_ASSIGNMENT_: In the data below, set down exactly the lines from the one containing "Massage Therapist Power" up to and including the one containing "Vanity Alpough Instagram". Leave the pictures out.

_DATA IN THIS EXERCISE_:
====================

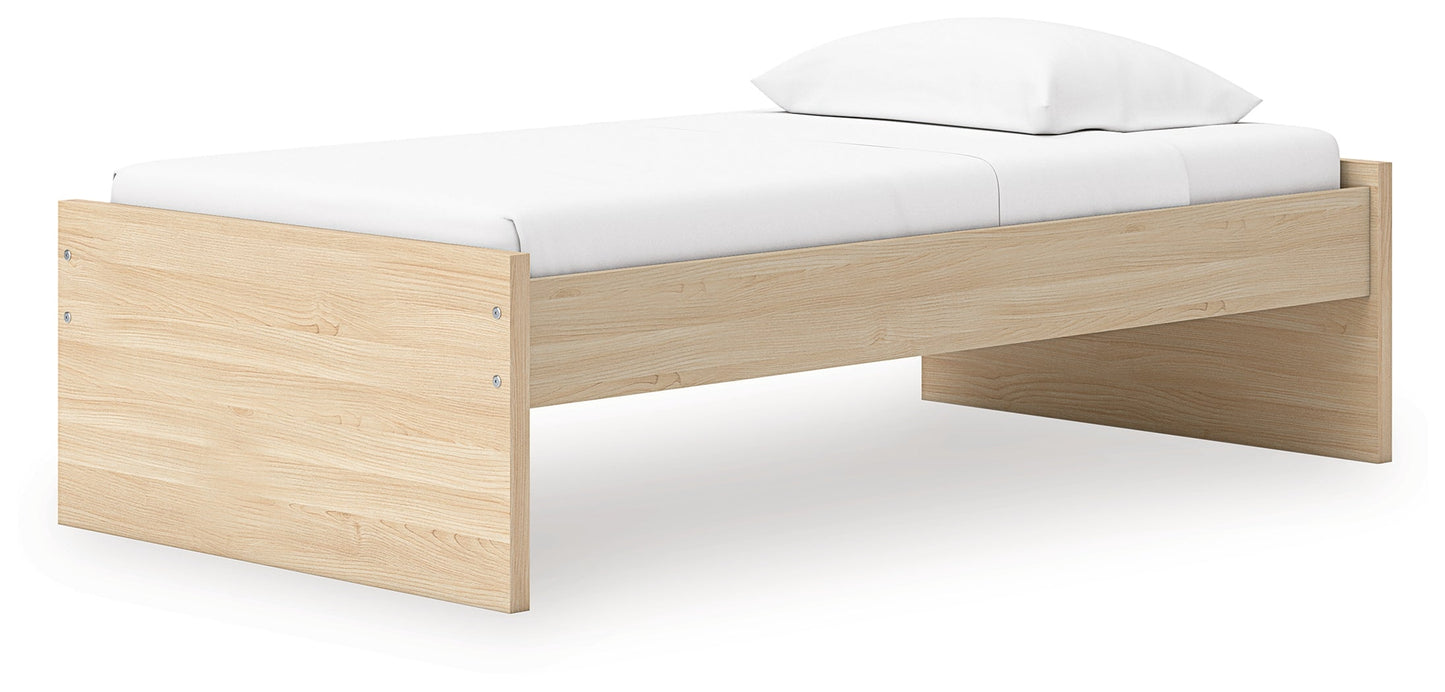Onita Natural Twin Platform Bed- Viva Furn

====================

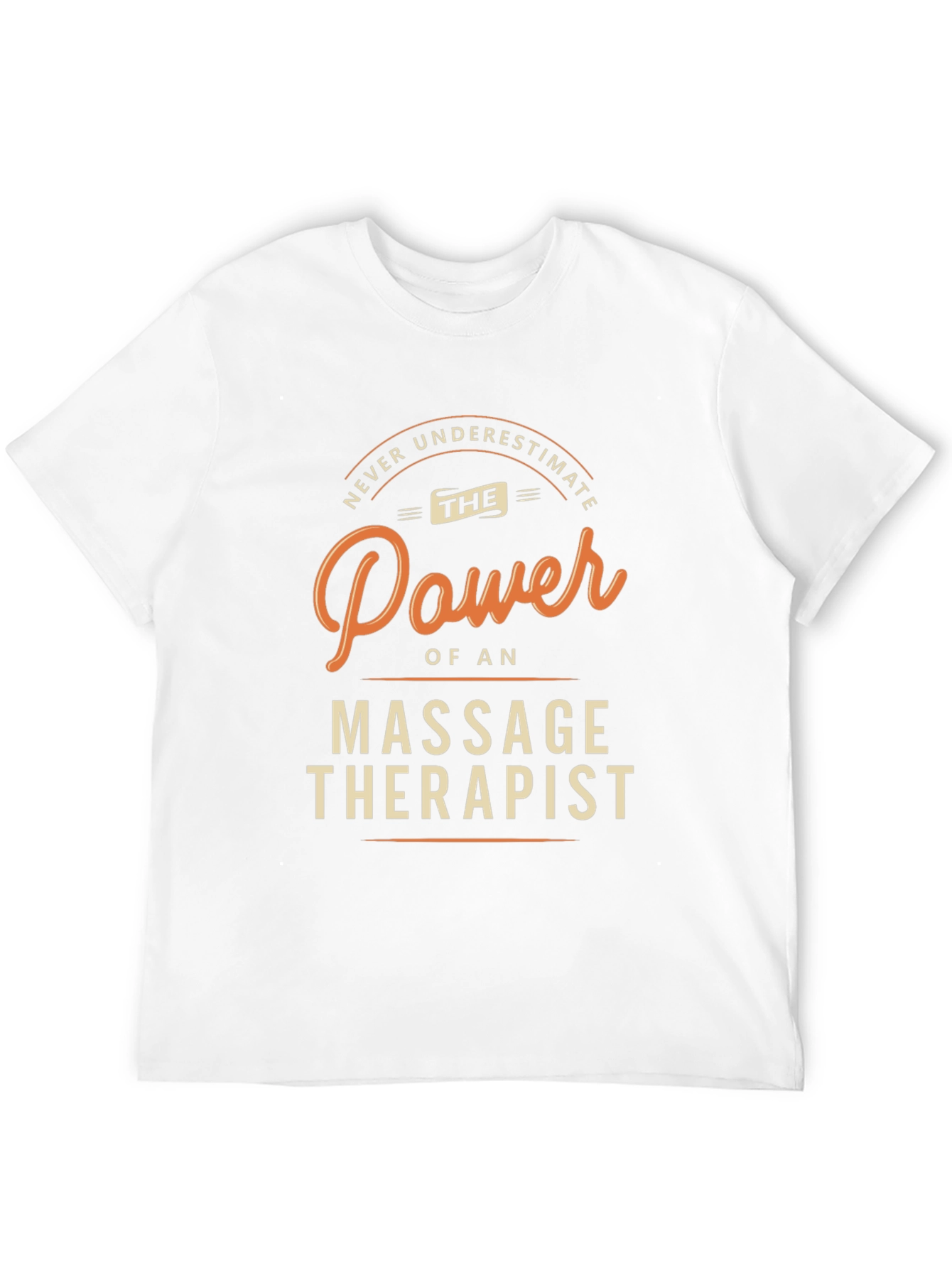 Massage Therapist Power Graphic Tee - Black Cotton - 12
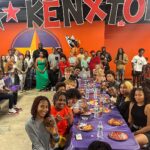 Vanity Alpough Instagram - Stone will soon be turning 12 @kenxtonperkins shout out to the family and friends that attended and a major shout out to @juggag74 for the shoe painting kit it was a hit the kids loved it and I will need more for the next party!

====================

_SOLUTION TO THIS PROBLEM_:
 Massage Therapist Power Graphic Tee - Black Cotton - 12
 Vanity Alpough Instagram - Stone will soon be turning 12 @kenxtonperkins shout out to the family and friends that attended and a major shout out to @juggag74 for the shoe painting kit it was a hit the kids loved it and I will need more for the next party!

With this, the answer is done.